This analysis provides clear evidence that Congress did not intend to require proof of an intent to distribute drugs near a school. When a defendant is found in possession of a sufficiently large quantity of drugs, an intent to distribute may logically be inferred from the quantity of drugs alone. See United States v. Ocampo, 937 F.2d 485, 488 (9th Cir.1991); United States v. Brown, 921 F.2d 785, 792 (8th Cir.1990); United States v. Montoya, 782 F.2d 1554, 1555 (11th Cir.1986). By contrast, more evidence is logically required before an inference may be drawn concerning the location where the defendant intended to distribute the drugs. The statement endorsed by Senator Biden and his colleagues clearly shows, however, that they did not think that the schoolyard provision required any such additional evidence. Rather, they wanted the schoolyard provision to apply whenever a defendant is "apprehended near a school with a quantity of drugs sufficient to indicate an intention to distribute." This statement thus provides clear evidence that proof of an intent to distribute near a school is not necessary. See United States v. Wake, 948 F.2d at 1432.

C. Rodriguez's contrary interpretation was adopted by several district court decisions handed down prior to Wake. United States v. McDonald, 777 F.Supp. 44 (D.D.C.1991); United States v. Testa, 768 F.Supp. 221 (N.D.Ill.1991); United States v. Coates, 739 F.Supp. 146, 152-153 (S.D.N.Y.1990); United States v. Roberts, 735 F.Supp. 537 (S.D.N.Y.1990); and United States v. Liranzo, 729 F.Supp. 1012 (S.D.N.Y.1990). We find major flaws, however, in all four of the arguments on which these decisions were based.

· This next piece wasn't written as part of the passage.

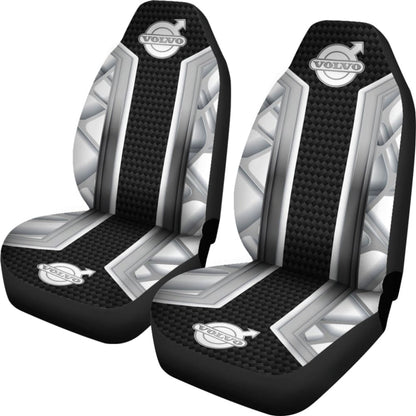 Amazing Volvo White Black Themed Printed Car Seat Covers 210901 - YourCarButBetter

1. In United States v. Liranzo, 729 F.Supp. at 1014, the court relied on the grammatical rule that a modifier should be placed as close as possible to the word it modifies. Thus, the court asserted (id.) that the statutory phrase "within 1000 feet" modified "with intent to distribute" rather than "possessing." The court elaborated (id.): "If the other meaning were intended, the statute would be expected to read 'possessing, within one thousand feet of a school, with intent to distribute a controlled substance....' "

This argument overlooks the important fact that the phrase "within one thousand feet" modifies "distributing" and "manufacturing," as well as "possessing with intent to distribute." Thus, in order to place the phrase "with intent to distribute" immediately after the term "possessing," Congress would have been compelled to repeat that phrase two more times--after "distributing" and "manufacturing." (Indeed, Congress probably would have been obligated to repeat the much longer phrase "in or on, or within one thousand feet of the real property comprising a public or private elementary, vocational, or secondary school or a public or private college, junior college, or university, or a playground, or within 100 feet of a public or private youth center, public swimming pool, or video arcade facility.") Economical legislative drafting obviously dictates that such awkward repetition be avoided if at all possible. See Roberts, 735 F.Supp. at 539 n. 3. ("[J]ust because Congress did not see fit to repeat the phrase 'within 1000 feet of a school' three times in a single sentence when it certainly intended the enhancement to apply to 'distributi...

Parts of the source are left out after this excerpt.